Top of DATA PROVIDED

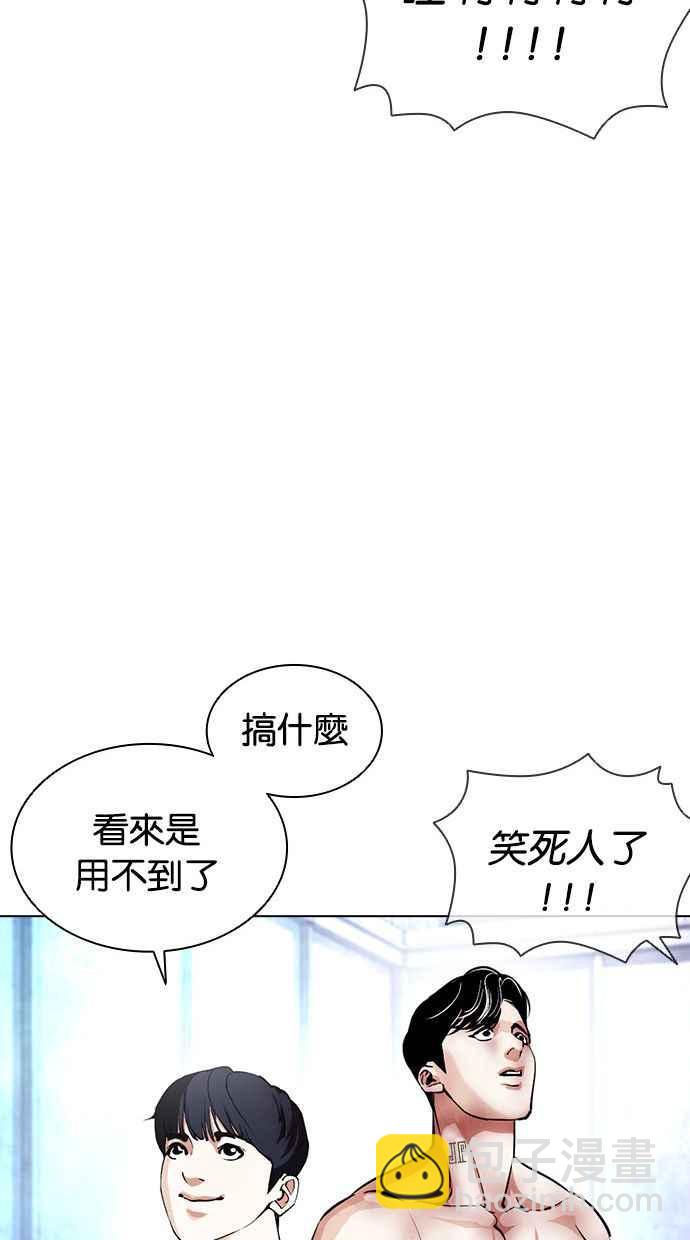 看臉時代 - [第381話] 一姟會(第2家子公司) [10](1/3) - 4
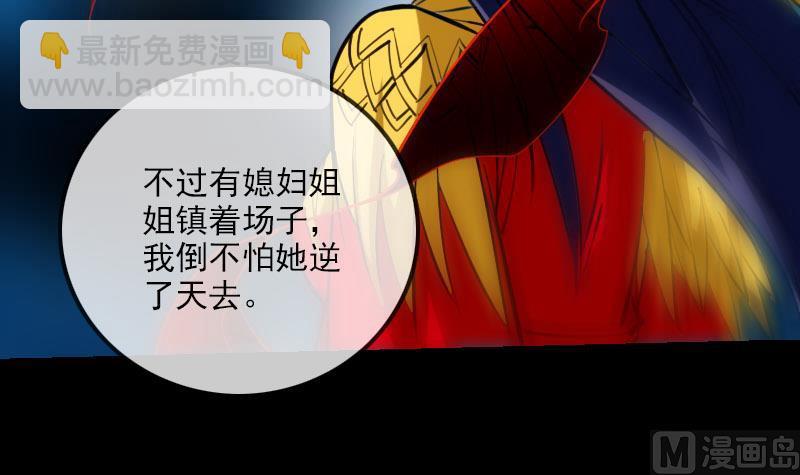 🍴劫天运 第217话 养棺 第45页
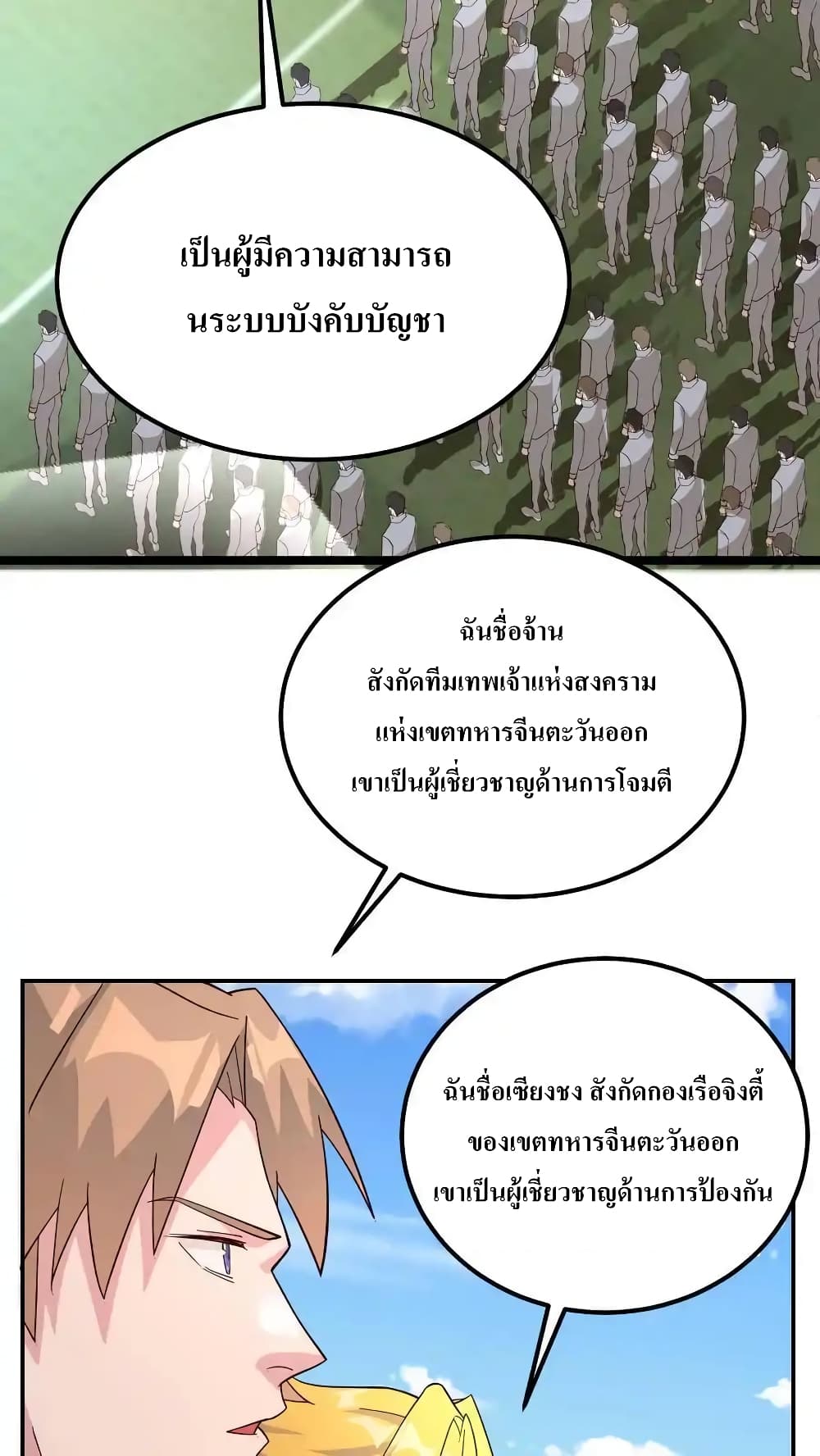 อ่านมังงะ I Accidentally Became Invincible While Studying With My Sister ตอนที่ 70/3.jpg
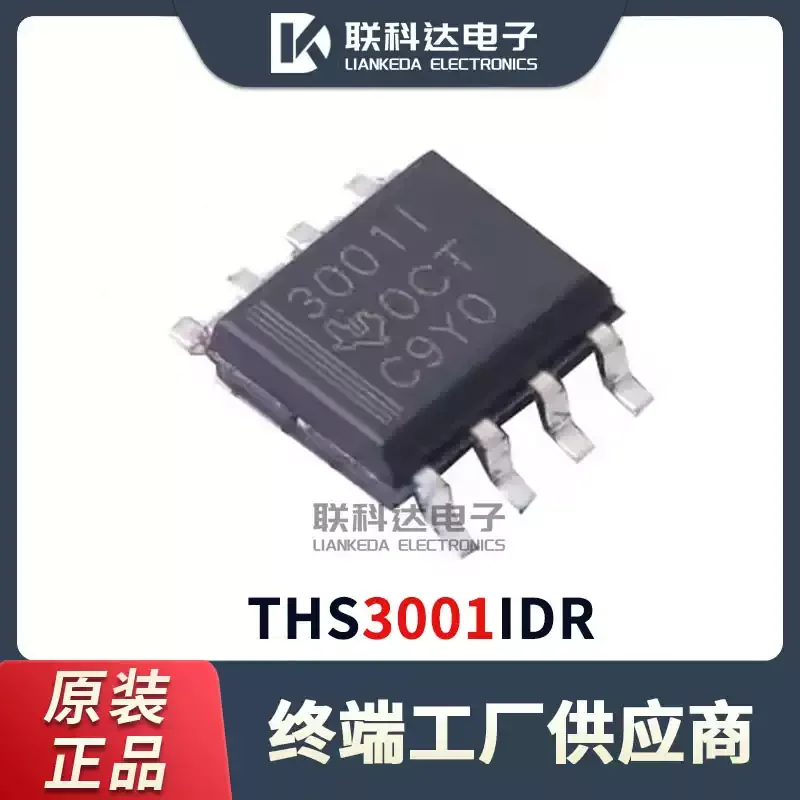 1-10pcs THS3001IDR THS3001ID silk screen 3001 current feedback amplifier SOP8 brand new original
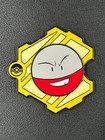 Electrode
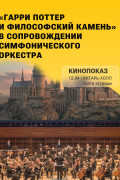 «Гарри Поттер и философский камень» с симфоническим оркестром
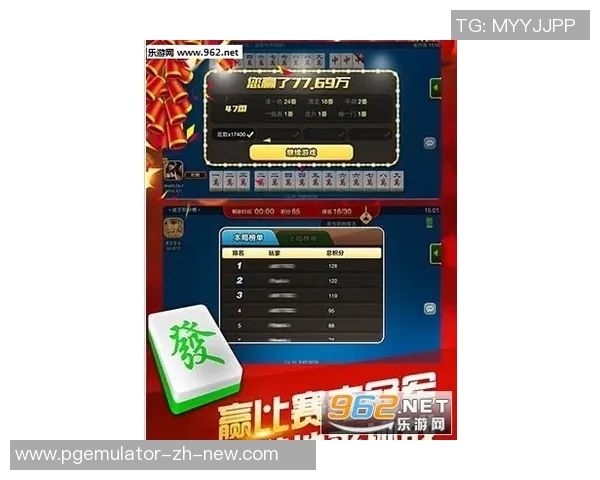 麻将胡了hdapp下载-体验麻将胡了，从HDAPP下载开始的极致乐趣-麻将胡了hdapp下载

Bottom of DATA PROVIDED

**TASK STATEMENT:** Return the lines above exactly; the images are not part of the copy.

**ANSWER SECTION:**
 看臉時代 - [第381話] 一姟會(第2家子公司) [10](1/3) - 4
 🍴劫天运 第217话 养棺 第45页
 อ่านมังงะ I Accidentally Became Invincible While Studying With My Sister ตอนที่ 70/3.jpg
 1-10pcs THS3001IDR THS3001ID silk screen 3001 current feedback amplifier SOP8 brand new original
 Electrode
 «Гарри Поттер и философский камень» с симфоническим оркестром
 麻将胡了hdapp下载-体验麻将胡了，从HDAPP下载开始的极致乐趣-麻将胡了hdapp下载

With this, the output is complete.